** DIRECTIONS **
Check each line of the material. Copy those containing "Beach".
+++
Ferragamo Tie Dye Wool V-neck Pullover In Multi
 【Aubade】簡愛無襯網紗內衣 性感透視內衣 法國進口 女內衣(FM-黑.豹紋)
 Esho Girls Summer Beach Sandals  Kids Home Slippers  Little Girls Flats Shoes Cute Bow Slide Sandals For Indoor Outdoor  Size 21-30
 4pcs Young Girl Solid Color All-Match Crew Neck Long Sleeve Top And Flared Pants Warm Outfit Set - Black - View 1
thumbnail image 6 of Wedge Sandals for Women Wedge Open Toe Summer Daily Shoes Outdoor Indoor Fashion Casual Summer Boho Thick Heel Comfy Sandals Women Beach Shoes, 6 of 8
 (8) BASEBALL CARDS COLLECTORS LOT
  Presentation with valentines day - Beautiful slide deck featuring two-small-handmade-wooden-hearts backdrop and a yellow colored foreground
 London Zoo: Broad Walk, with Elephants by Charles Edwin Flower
+++
** SOLUTION **
 Esho Girls Summer Beach Sandals  Kids Home Slippers  Little Girls Flats Shoes Cute Bow Slide Sandals For Indoor Outdoor  Size 21-30
thumbnail image 6 of Wedge Sandals for Women Wedge Open Toe Summer Daily Shoes Outdoor Indoor Fashion Casual Summer Boho Thick Heel Comfy Sandals Women Beach Shoes, 6 of 8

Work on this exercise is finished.